O vereador gaúcho Rony Gabriel (PL-RS), de Erechim, confirmou em depoimento à Polícia Federal que foi procurado para atuar em uma campanha nas redes sociais em defesa do Banco Master e do banqueiro Daniel Vorcaro, preso preventivamente na Penitenciária Federal de Brasília. Ele também afirmou que foi procurado para defender Vorcaro e atacar o Banco Central.
Segundo apuração do Estadão, confirmada pela Gazeta do Povo com fontes da investigação, Rony reiterou a denúncia e descreveu o contato, a tentativa de negociação e os responsáveis pela gestão de crise envolvendo Vorcaro e o Master. Ele foi o primeiro a tornar público o contato com influenciadores.
A PF abriu investigação após críticas à autoridade monetária nas redes sociais em função da liquidação do Banco Master. Levantamento indicou uma mobilização coordenada no fim do ano passado, com pico de 27 de dezembro, quando houve 4.560 postagens ataques à atuação do BC.
Rony Gabriel relatou que a abordagem começou com uma oferta de trabalho ligada à gestão de reputação e comunicação digital. O contato seria feito por André Salvador, representante da empresa UNLTD, que apresentava a proposta como serviço de gestão de crise para um grande executivo, sem pronunciar-se publicamente sobre o caso.
O vereador afirmou que descobriu o vínculo com Daniel Vorcaro apenas em uma reunião virtual com representantes da agência. Ao saber do contexto envolvendo o Banco Master, ele disse ter recusado a proposta. A reunião ocorreu via Google Meet, conforme depoimento.
Entre as mensagens apreendidas, a PF identificou prática semelhante para influenciar veículos jornalísticos. A investigação aponta que haveria oferta de contratos de patrocínio em troca de publicações favoráveis ao banco e ataques a desafetos, em diálogo atribuído a Vorcaro.

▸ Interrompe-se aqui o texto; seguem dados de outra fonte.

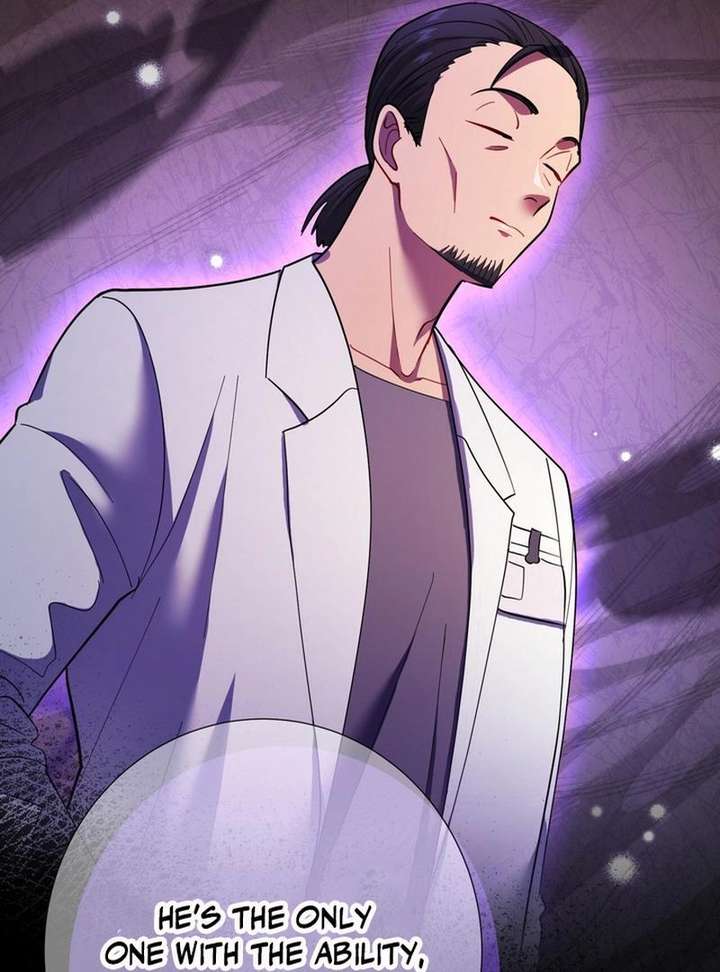 I Became a C-Level Guide Obsessed With Crazy People Chapter 38 425 070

Os diálogos analisados são anteriores à primeira prisão de Vorcaro, em novembro do ano passado, e à liquidação do Banco Master, decretada no dia seguinte. Os investigadores entendem que a ofensiva online visava pressionar a opinião pública e abrir caminho para eventual contestação da liquidação pelo TCU.
Em documento enviado ao STF, a PF informou que as publicações exaltavam o banco e criticavam o processo de liquidação do BC, sugerindo continuidade de atividade delitiva mesmo após a soltura de Vorcaro em 28 de novembro. Esse conjunto de evidências foi usado para embasar a nova prisão preventiva do empresário, decretada pelo ministro André Mendonça.